##### EXTRACTED INFORMATION
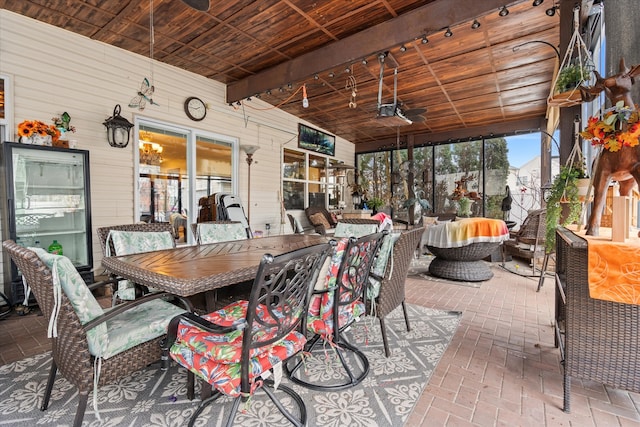 sunroom featuring a wealth of natural light, ceiling fan, and wood ceiling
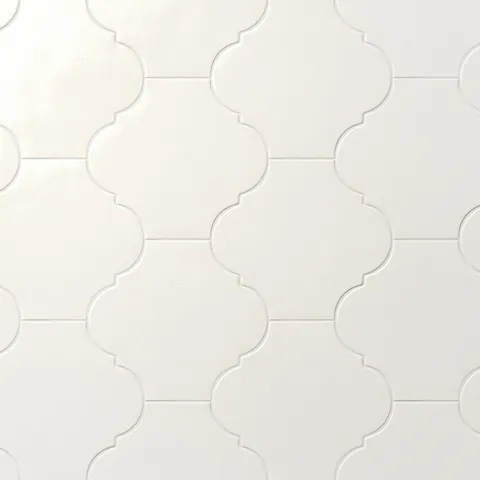 White glossy porcelain lantern tile with a repeating Moroccan-inspired pattern, subtle surface texture, and soft grout lines.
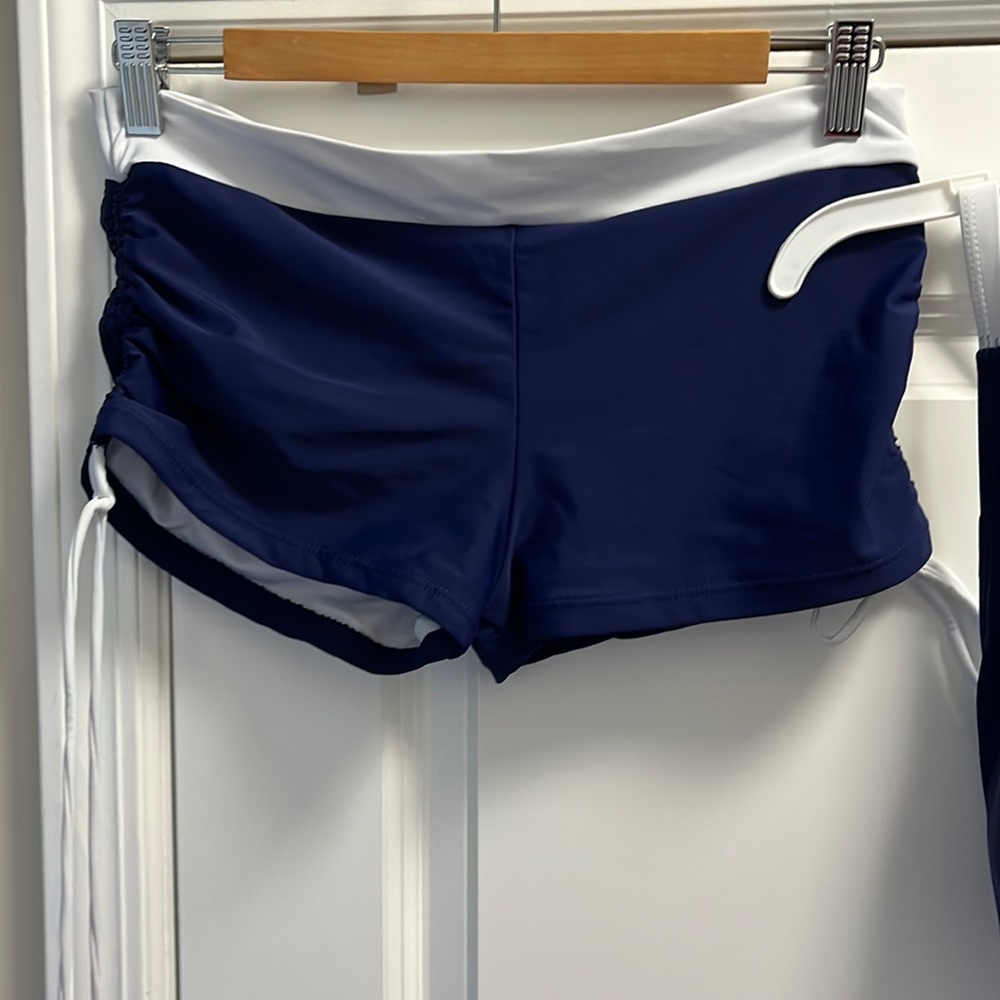 White and blue boy short swim suit. Size Large. Bottoms have side tie detail.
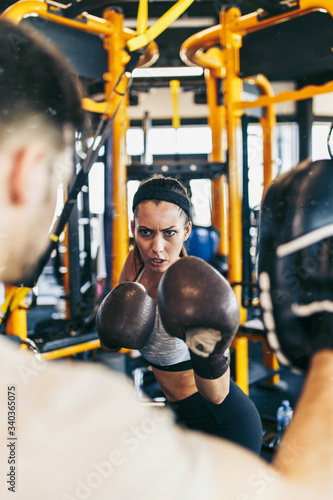 фотографія Young attractive woman with instructor on kickboxing training
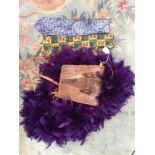 A leather lizard bag 1930s/1940s with knotted tassels; a purple feather boa 1980s;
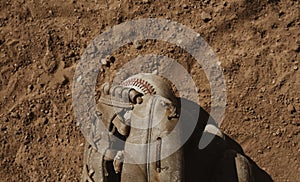 Old baseball glove with ball on field dirt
##########
WHAT YOU WILL DO:
Without any pictures, restate word for word only the lines from the one with "A leather lizard" through the end of the listing.

SOLUTION:
 A leather lizard bag 1930s/1940s with knotted tassels; a purple feather boa 1980s;
 Old baseball glove with ball on field dirt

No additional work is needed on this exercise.